It basically says, take the common source and append version
specific implementations from 1.5 version. Let's say we want to
override a single file for 1.8. We need to copy everything from
1.5/src and the build file would look as follows:
/* All properties required for loading the Flink build script */
project.ext {
// Set the version of all Flink-related dependencies here.
flink_version = '1.8.0'
// Main source directory and Flink version specific code.
main_source_dirs = ["$basePath/src/main/java", "./src/main/java"]
test_source_dirs = ["$basePath/src/test/java", "./src/test/java"]
main_resources_dirs = ["$basePath/src/main/resources"]
test_resources_dirs = ["$basePath/src/test/resources"]
archives_base_name = 'beam-runners-flink-1.8'
}
// Load the main build script which contains all build logic.
apply from: "$basePath/flink_runner.gradle"
For simplicity, let's only focus on *main_source_dirs*. What we
really want to do is to tell the build, to use everything from
1.5 and override a single class (e.g. CoderTypeSerializer).
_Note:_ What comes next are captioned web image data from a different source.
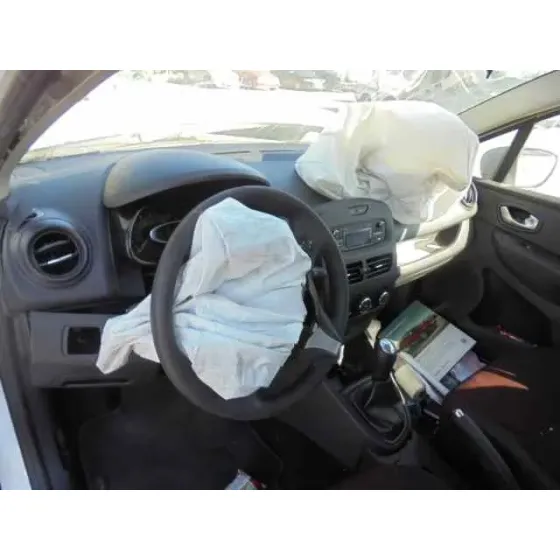 RENAULT CLIO IV '2015 BUSINESS BLANCO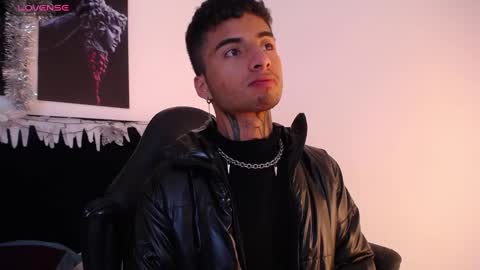 juancamilo66_ online show from 23, 12, 2024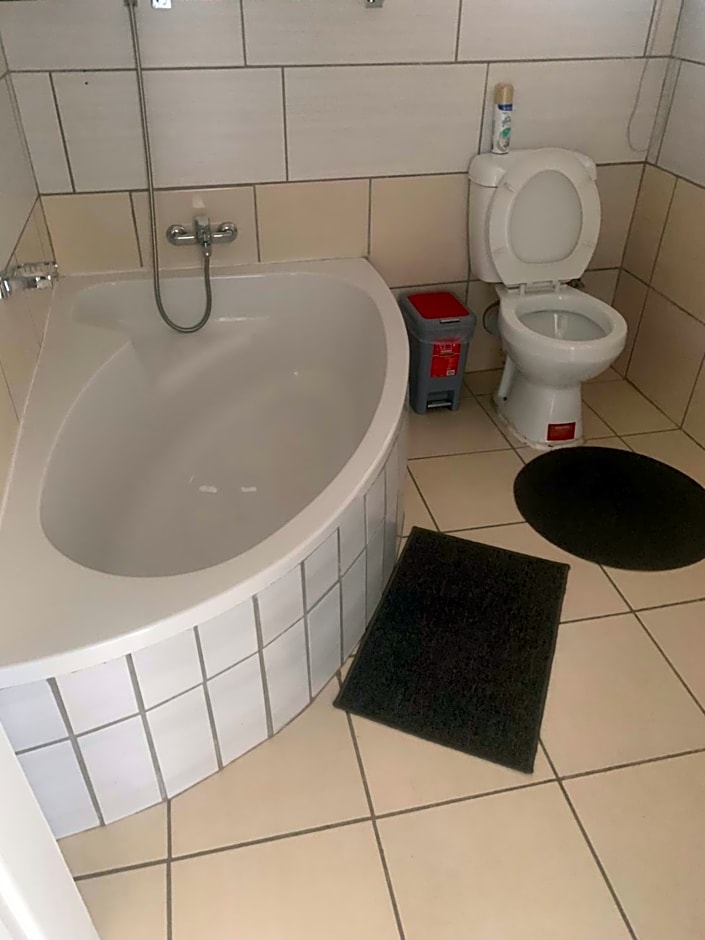 Ekaya Palace Guest House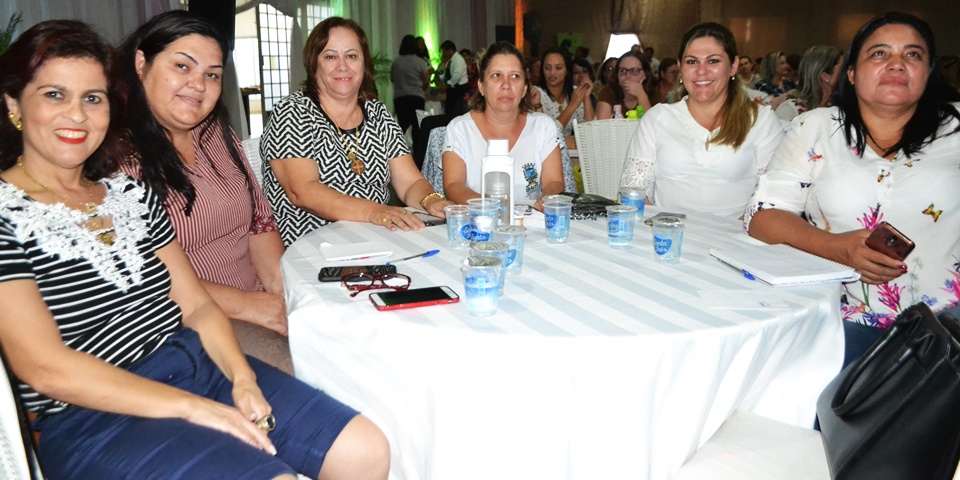 Educadores de Ibaiti e região participam do Seminário Regional de Formação de Professores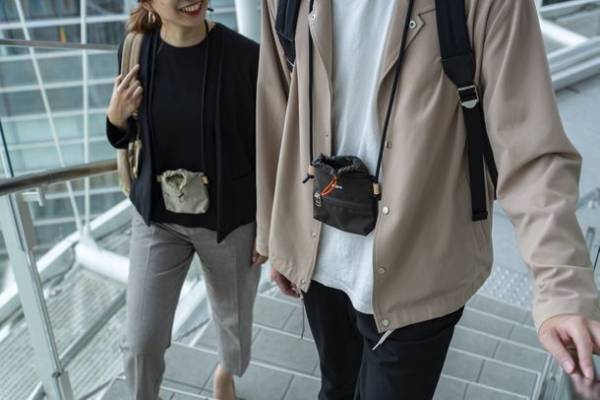 スマホだけじゃない！カバンいらずの収納革命！これ1つでラクラク手ぶら外出【6ルームネックポーチ】がMakuakeにて7/13プロジェクト開始！公開初日で600％以上達成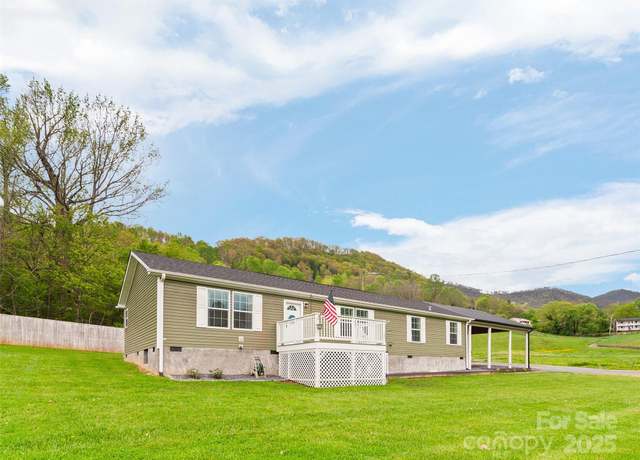 Property at 51 Blazing Trl, Waynesville, NC 28786, 3 beds, 2 baths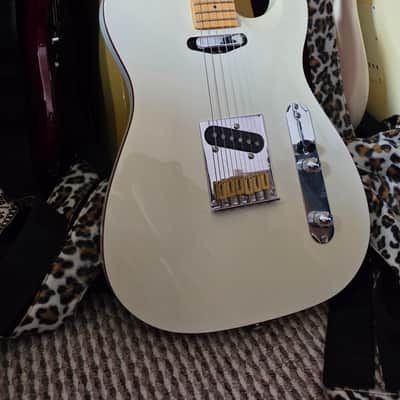 Chapman ML3 Traditional 2024 - Present - Gloss White image 3
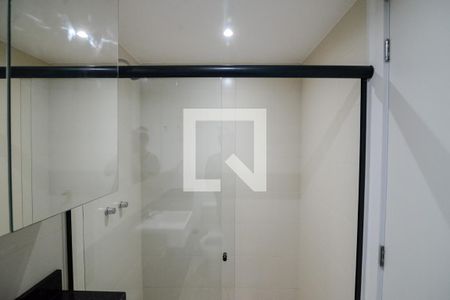 Banheiro de kitnet/studio para alugar com 1 quarto, 50m² em Tijuca, Rio de Janeiro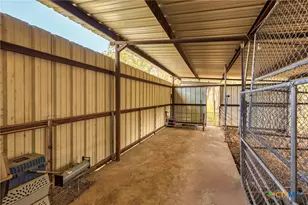 771 Hillje Rd, Kingsbury, TX 78638 - Photo 36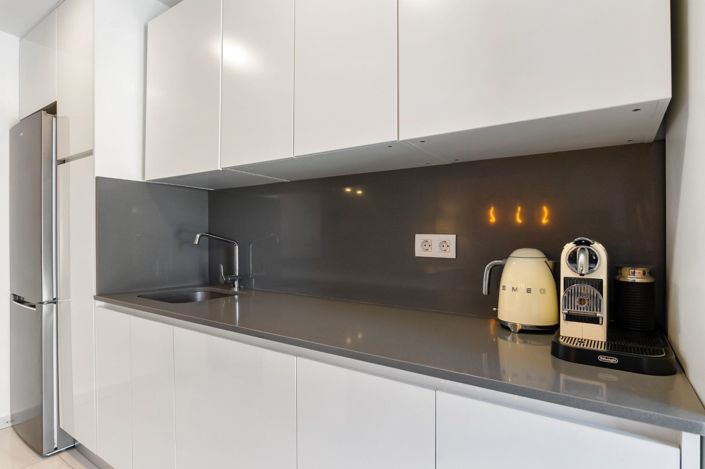 Image No.11-3 Bed House for sale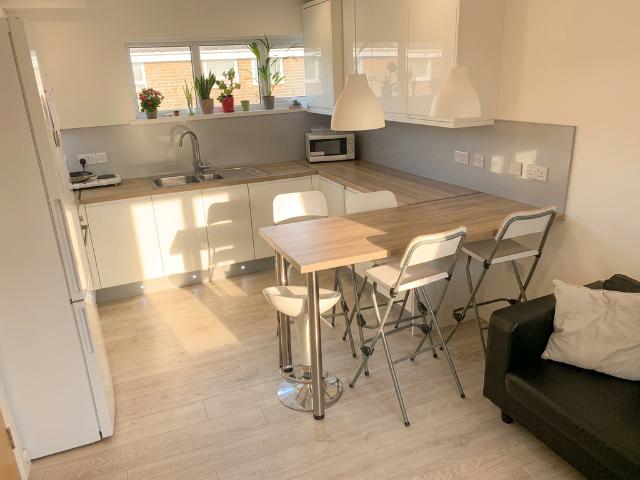 Leeson Walk 410318, Harborne B17 4 bed house to rent £1,999 pcm £461 pw
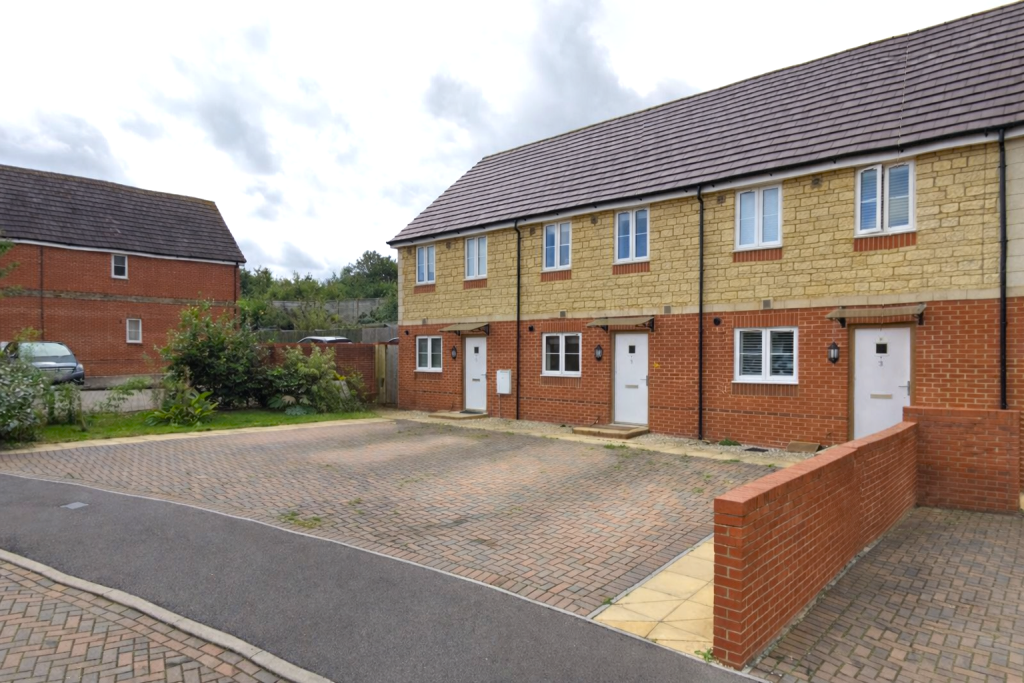Main image of property: Vesta Close, Swindon, SN26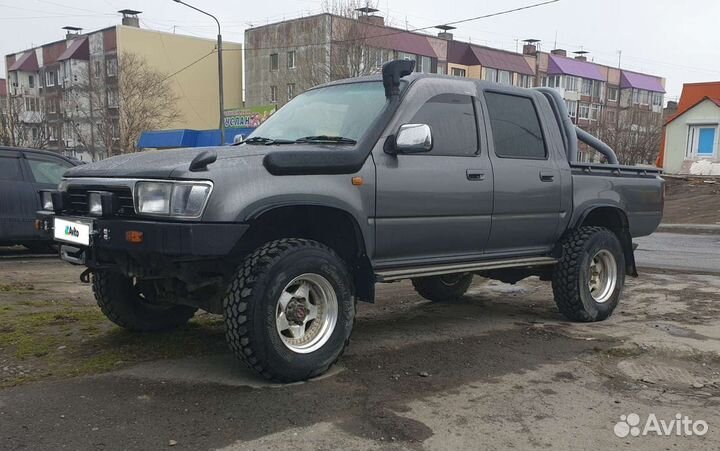 Toyota Hilux 2.8 МТ, 1990, 392 000 км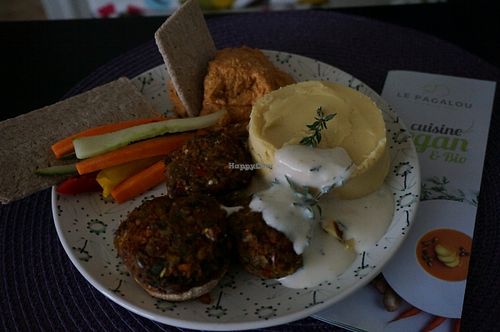 Set of the Day (Delivery) at Le Pagalou in Paris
def copyOverrides = tasks.register('copyOverrides', Copy) {
it.from '../1.5/src/', './src'
it.into "${project.buildDir}/flink-overrides/src"
it.duplicatesStrategy DuplicatesStrategy.INCLUDE // The last
duplicate file 'wins'.
}
compileJava.dependsOn copyOverrides
projext.ext {
main_source_dirs = ["$basePath/src/main/java",
"${project.buildDir}/flink-overrides/src/main/java"]
}
This would copy all overrides into build directory, and it case
of duplicate it picks the latest one. Than the build would
simple compile classes from the newly created java files in
build directory.
*4) Maintaining last 3 major versions only*
I recall that Flink community only supports 3 latest major
versions <https://flink.apache.org/downloads.html> (please
correct me if I'm mistaken). I suggest the the*Beam would do the
same*. There is already an opened BEAM-7962
<https://jira.apache.org/jira/browse/BEAM-7962> that suggest
dropping 1.5 & 1.6 versions. Maybe this would allow us to keep
the current structure with bearable amount of technical debt?
Personally I'm in favor of *4)* combined with *3)*.
What do you think? Do you have any other suggestions how to
solve this?
Thanks,
D.